▶ HOW TO COMPLETE THIS TASK: Output exactly the lines below from the one containing "Liderul nord-coreean cu" to the last line, both included. Omit pictures.

Stored entries:

......

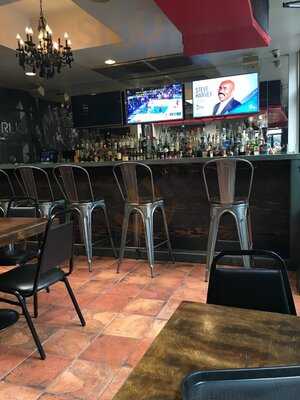 Garlic New York Pizza Bar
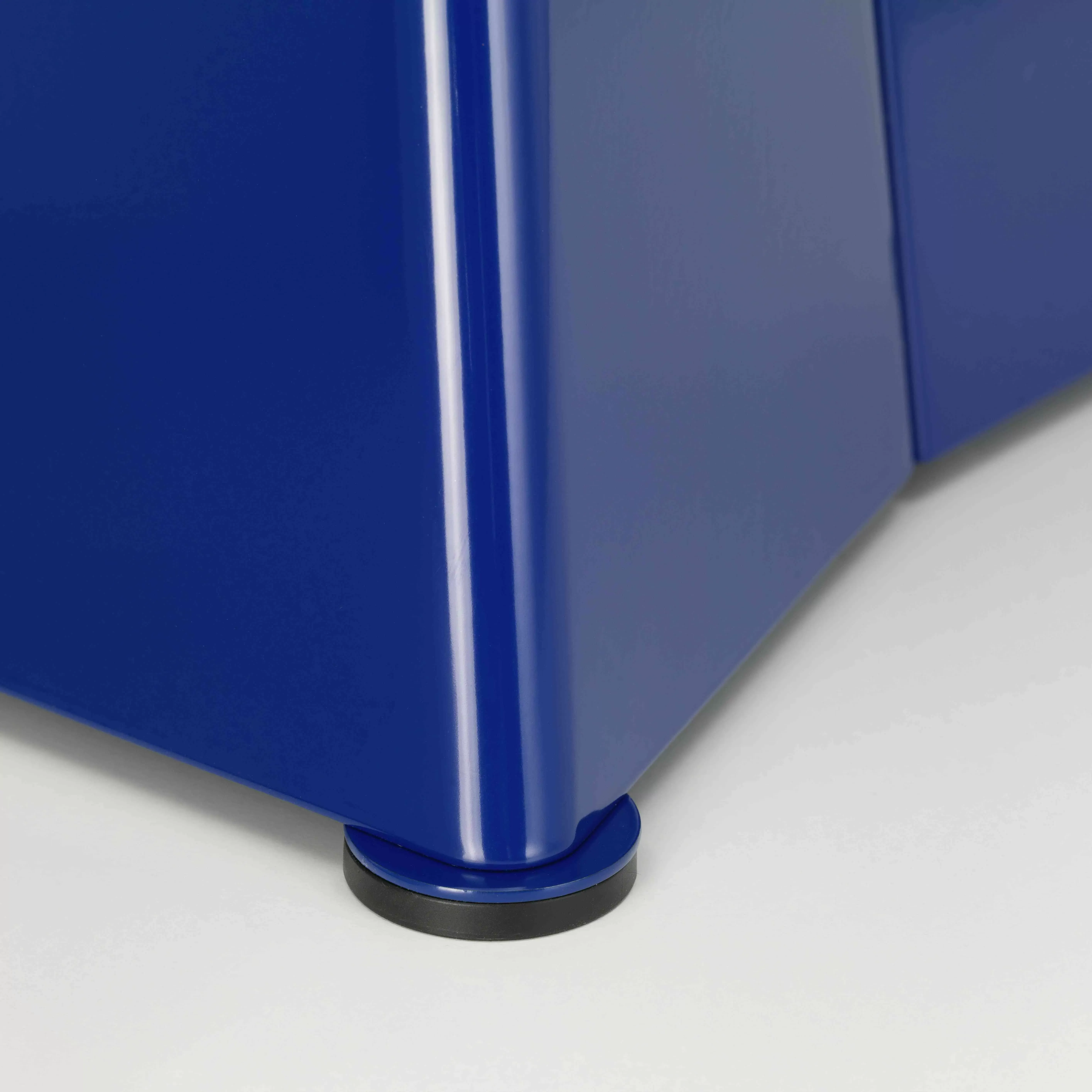 Illustration numéro 2 du produit Vitra Tabouret Métallique - Prouvé Bleu Marcoule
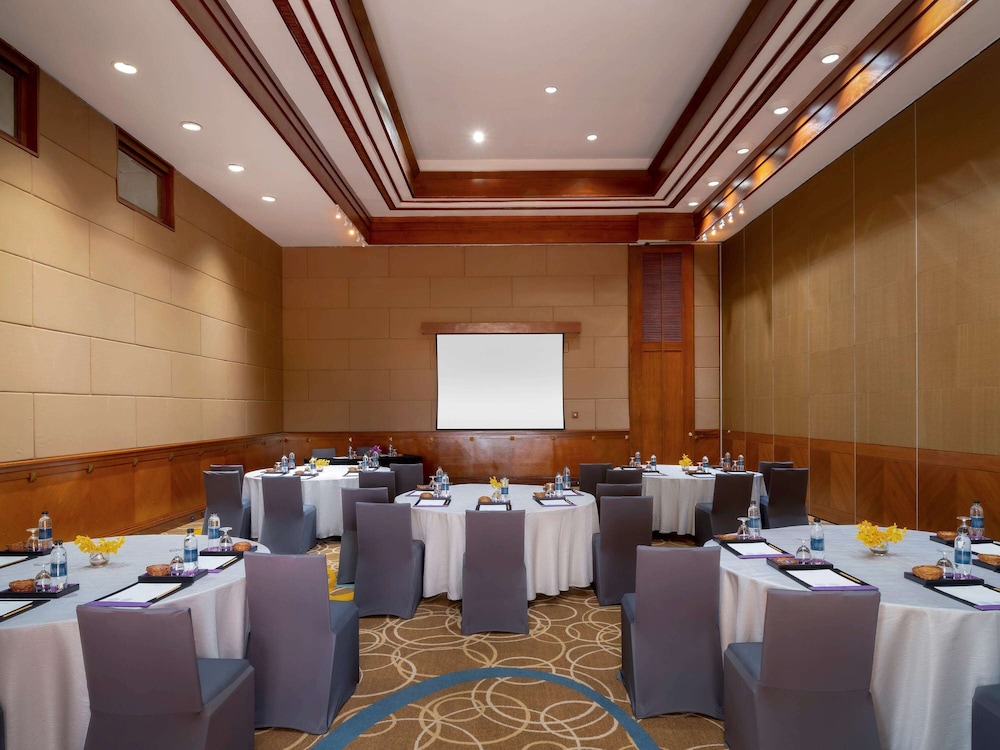 Novotel Phuket Resort — photo 194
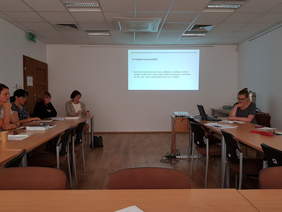 Pokaż zdjęcie: Sala konferencyjna, w centralnym miejscu ekran z prezentacją. 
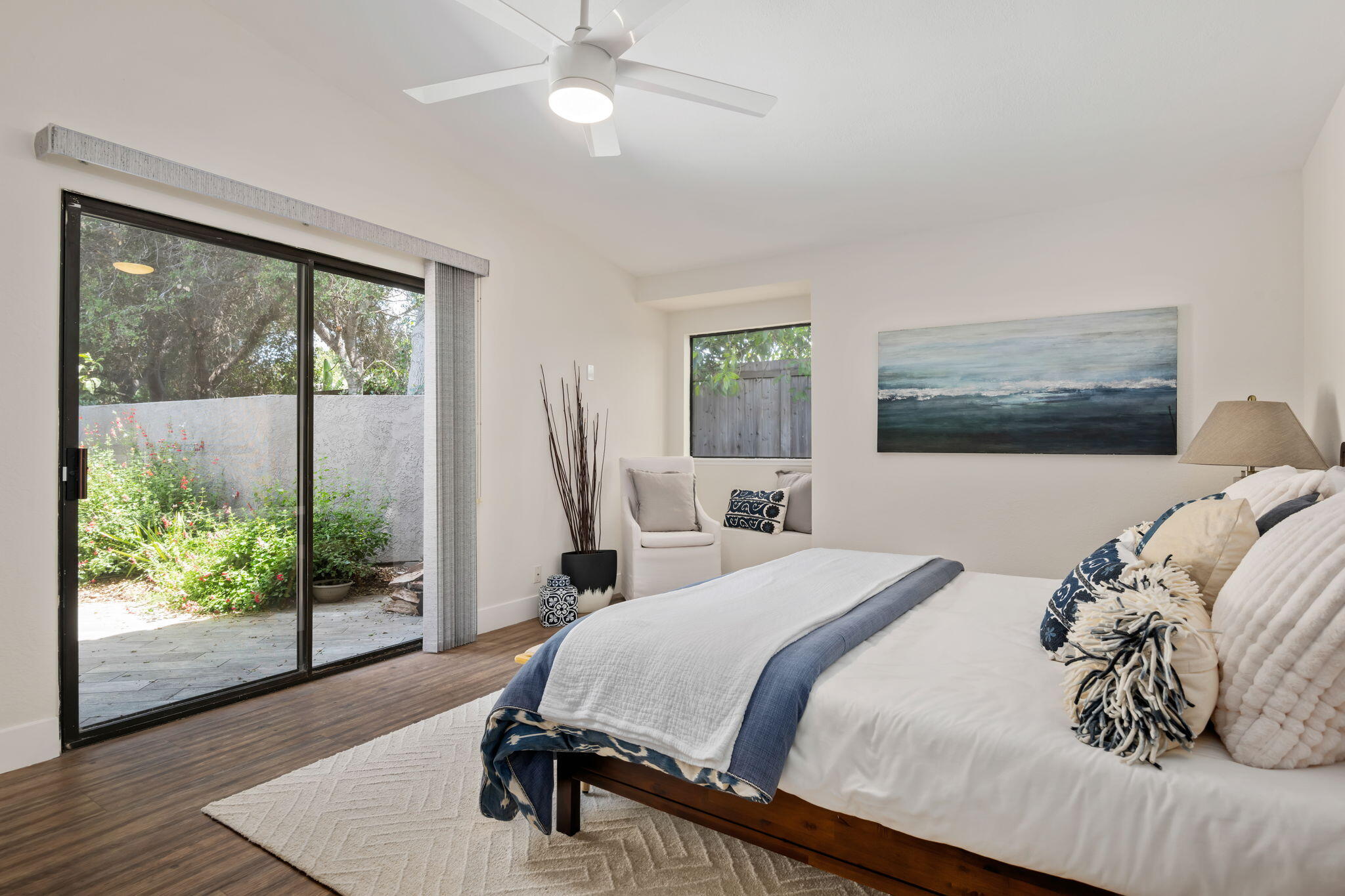 Santa Barbara, California 93111, United States, 2 Bedrooms Bedrooms, ,2 BathroomsBathrooms,Residential,Pending,129718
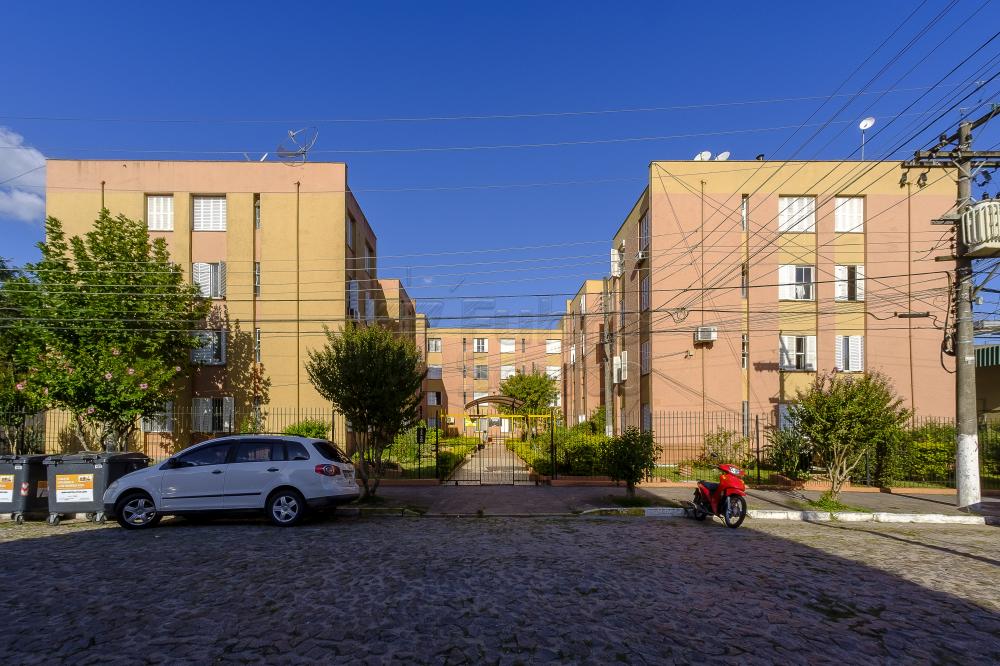 Fachada Alugar Apartamento / Padrão em Pelotas R$ 1.010,00 - Foto 32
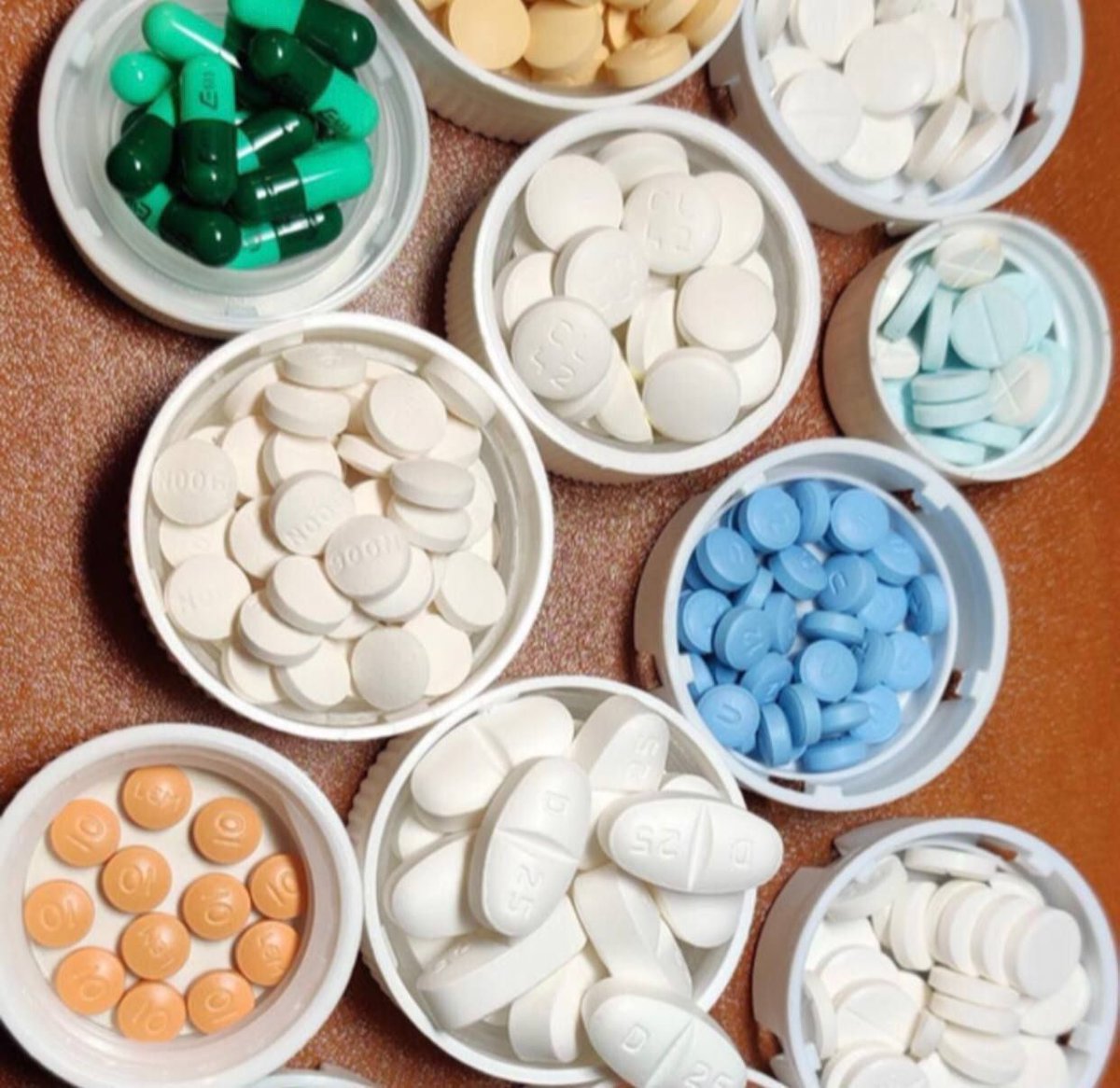 William65761069's tweet photo. All #pills available https://t.co/0aArXnNdR6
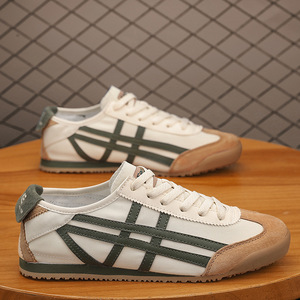 รองเท้าสีขาวสกปรก ประดับดาวสีทอง หางสีเงิน รองเท้าหนังวัวคุณภาพสูงเพิ่มความสูงแบบซ่อน - Product Image 2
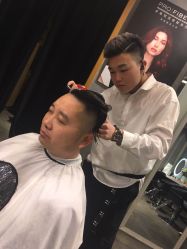 -时尚殿堂明星门店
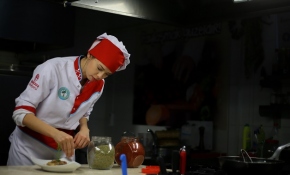 Kraliçelik tacını bıraktı, mutfağa girdi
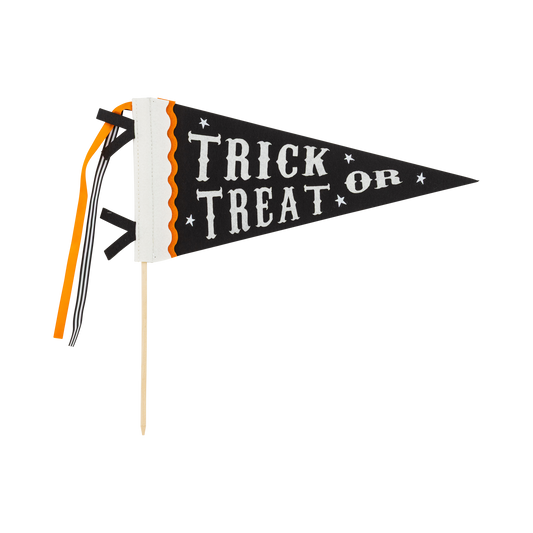 VHP1315 - Trick or Treat Felt Pennant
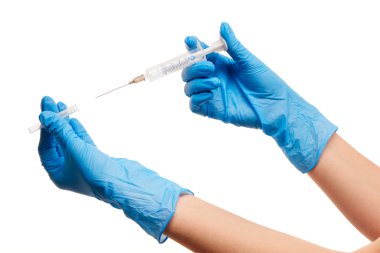 Mavi steril cerrahi eldiven yeşil plastik kateter ile kadın doktorun elinde, yakın çekim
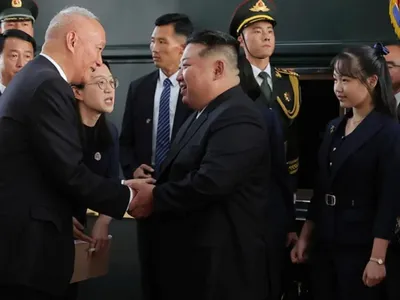 Liderul nord-coreean cu fiica, în China (sursa: KCNA)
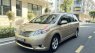 Toyota Sienna 2011 - Cần bán Toyota Sienna 3.5LE sản xuất 2011, màu vàng, xe nhập, một đời chủ từ đầu, xe rất mới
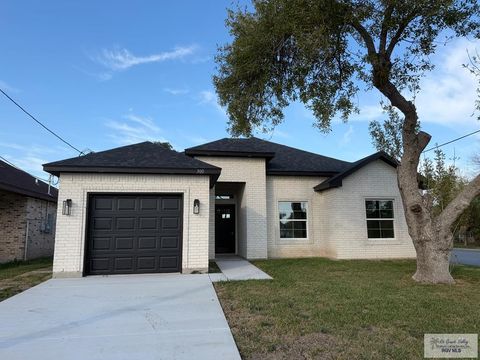 Homes For Sale - 300 S East St<br/> LA FERIA, TX 78559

......

▶ YOUR RESPONSE:
 Liderul nord-coreean cu fiica, în China (sursa: KCNA)
 Toyota Sienna 2011 - Cần bán Toyota Sienna 3.5LE sản xuất 2011, màu vàng, xe nhập, một đời chủ từ đầu, xe rất mới
 Homes For Sale - 300 S East St<br/> LA FERIA, TX 78559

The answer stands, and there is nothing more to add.